你的村民可以扮演不同的角色。抓起他們扔在一個敏感的區域，你可以指派給他們特別的任務，並使他們成爲你的信徒。例如，你可以把村民安置在樹林中成爲護林人，同樣也可以創造漁夫，工匠，農夫，建築者，甚至是飼養員，如果扔在一群異性旁邊那將是最幸運的市民了。如果你沒有特別指派給村民任務，他們會嘗試著做所有的事情——但是創造信徒無需什麽代價，各種類型的村民看上去都非常的有能力。不要讓所有的村民都變成信徒是重要的，因爲信徒工作都非常的賣力，以致他們不會在你的神殿前祈禱（而正規的村民會這樣做）。這些祈禱會給予你祈禱點數，你可以利用它來創造奇迹，所以如何平衡信徒的數量是整個遊戲中需要考慮的重點策略。幸運的是你可以抓取信徒晃動他們，以使他們變成普通的村民。
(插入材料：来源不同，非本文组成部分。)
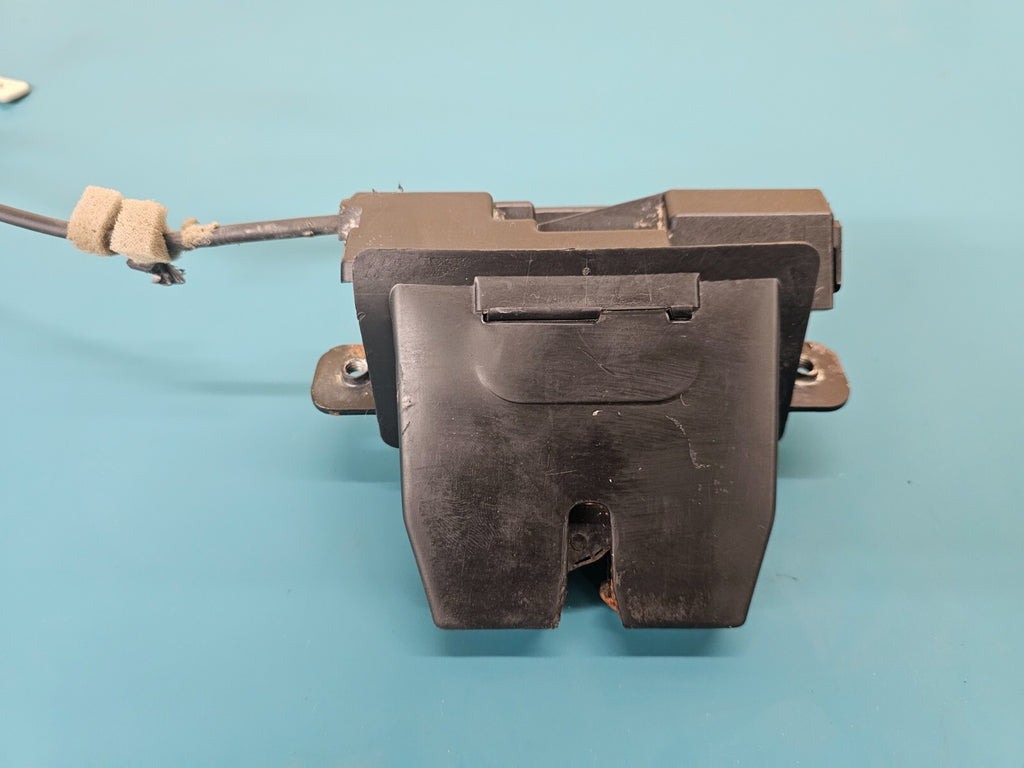 11-19 Ford Fiesta Tailgate Liftgate Trunk Lid Hatch Lock Latch Actuator Assembly
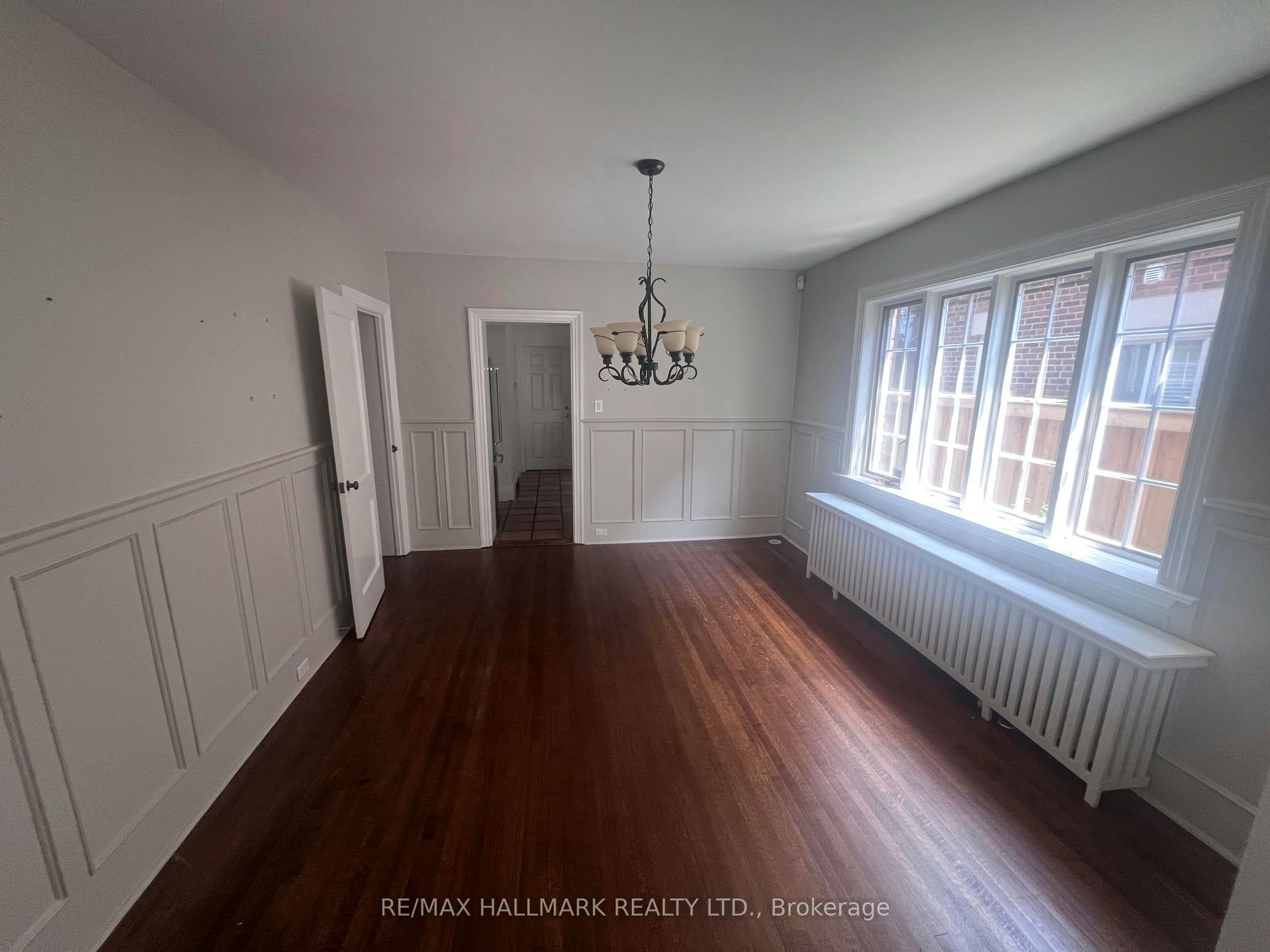 36 Whitehall Road, Toronto, ON, M4W 2C6 - 3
所有上面的一切並不意味《黑與白》是一個簡單的遊戲，也不代表它非常容易上手。幸運的是，它有著令人滿意的圖形－到現在還沒有提到過它壯觀的圖象－這使它非常的吸引人。但實際上體會到這個策略遊戲所包含的所有細微差別需要你花上一段時間。這個問題的部分在於只有50頁的遊戲使用手冊，它提供了還算清晰的消息，但深度不夠。所以無論好壞，你在感受到遊戲的出色設計以前需要花很長的時間來體驗。此外，遊戲的控制有點困難，至少上手的時候是這樣的。設計師們爲遊戲設計了一個不可見的完全鼠標控制界面。這使得遊戲畫面有了長足的進步，看上去更出色甚至更壯觀，但同時，爲什麽其他大多數策略遊戲采用屏幕界面，並且鍵盤的使用和鼠標同樣重要也有它適當的理由。無論如何，只使用鼠標在《黑與白》中進行視角控制是很難掌握的。你按住鼠標左鍵，拖拽屏幕來使畫面滾動。在屏幕的邊緣點擊鼠標後按住，通過移動鼠標可以旋轉視角。你可以使用鼠標的兩個按鍵來放大和縮小畫面。如果你不習慣使用鼠標，你可以使用鍵盤上的按鍵來實現所有的這些功能。無論如何，雖然《黑與白》有著一個非常快速的係統，但是視角控制相當的遲鈍的。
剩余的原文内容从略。